With the additional proposed cuts in state funding, county boards would have to rely on existing levies for core services, or pass expanded levies. "The state has a responsibility to fund core services, regardless of whether or not a county has a levy," Walter says. "It's a fallacy for the state to say it is not going to raise taxes. If the state cut so much we have to go out and ask for more levy dollars, it's the same thing."

This increasing focus on Medicaid reimbursement has also had an impact on service delivery, says Jack Cameron, executive director of the Ohio Empowerment Coalition, a consumer advocacy organization.

"The philosophy that drives the system now is not outcomes, but the ability to bill, and primarily to bill Medicaid," Cameron says. "If you can keep tapping Medicaid for day treatment beds, then that's what agencies do because it helps sustain the budget. But are people actually getting better? I would have to say that often, they aren't."

Budget battles ahead

Any shifts in funding have to be accomplished through the budget process in the state legislature. Right now, that process promises to be a raucous and contentious one, and one of Kasich's top priorities is to reduce Medicaid spending, which now tops $15.4 billion and accounts for one-third of the state budget.

But while his budget rhetoric has been gruff, Kasich has taken a nuanced approach to healthcare in general, and mental health funding in particular. In addition to shifting the Medicaid match responsibility, the administration is interested in integrating behavioral and physical health services as part of a cost-cutting restructuring process. This process is to be managed by the newly established Office of Healthcare Transformation.

There has been speculation that a new behavioral health services department could unify Ohio’s fragmented mental health and substance abuse treatment agencies. The proposed budget proposal eases some of the community planning requirements for local mental health and substance abuse boards and is expected to provide some regulatory relief to providers as well.

Pay now, or pay later

Cameron, for one, is happy to see that the new administration is focused on outcomes and integration. "We have to restructure the system because it is disjointed and compartmentalized," Cameron says. "If we don't serve people who have these problems, and they go into prison it saves money on the mental health side, but in terms of total cost we spend more in the long run. What we're doing now is just cost shifting."

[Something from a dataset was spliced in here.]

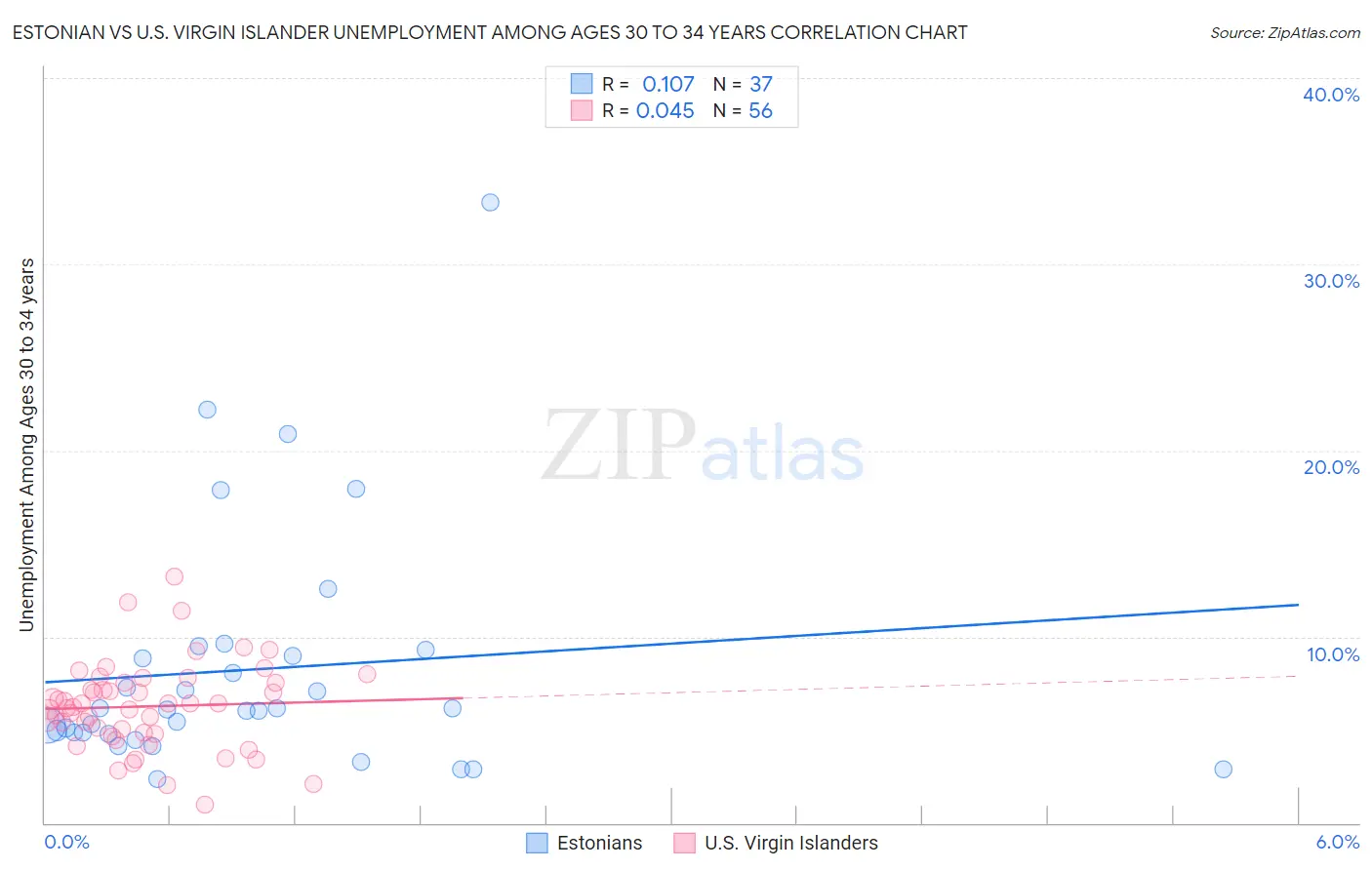 Estonian vs U.S. Virgin Islander Unemployment Among Ages 30 to 34 years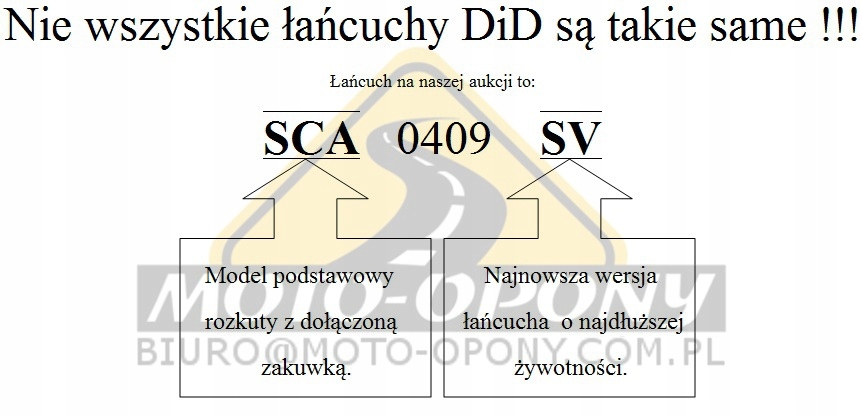 Цепь ГРМ Honda TRX 300 цепь ГРМ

Ohio has already submitted a super waiver authority request via the U.S. Department of Health and Human Services to receive federal resources to flesh out integration concepts in the state.

"We’re going to be actively engaged in planning and implementing concepts around care coordination improvements," Plouck says. "That might involve a health home or an accountable care organization. Our options are open that this point, but we are exploring different concepts and how they might work in Ohio."

Plouck also hopes to reduce costs and expand services by taking advantage of expanded Medicaid eligibility in 2014 that was established as part of the federal health care reform law.

In the meantime, county boards are fighting to preserve funding levels and avoid what they see as a potentially catastrophic outcome for community services. "What the boards are saying is, ‘you can pay me now or pay me later,’" Walter says. "If you don't provide those non-Medicaid services, then hospital populations are going to balloon. As people don't get services, you'll see them in jail, they'll be homeless, served in emergency rooms, and that's a lot more expensive than providing services in the community."

Brian Albright is a freelance writer.